[[ Dataset, beginning ]]

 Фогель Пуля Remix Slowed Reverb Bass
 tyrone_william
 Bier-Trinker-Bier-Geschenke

[[ Dataset, end ]]
[[ Dataset, beginning ]]

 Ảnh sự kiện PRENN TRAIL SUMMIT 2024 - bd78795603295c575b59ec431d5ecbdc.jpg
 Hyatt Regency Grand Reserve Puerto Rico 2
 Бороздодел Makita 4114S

[[ Dataset, end ]]

Aim of the exercise:
Of the lines above, retype only those from the line containing "Hyatt Regency Grand Reserve Puerto Rico 2" through the line containing "Бороздодел Makita 4114S", including both, exactly.

Problem solution:
 Hyatt Regency Grand Reserve Puerto Rico 2
 Бороздодел Makita 4114S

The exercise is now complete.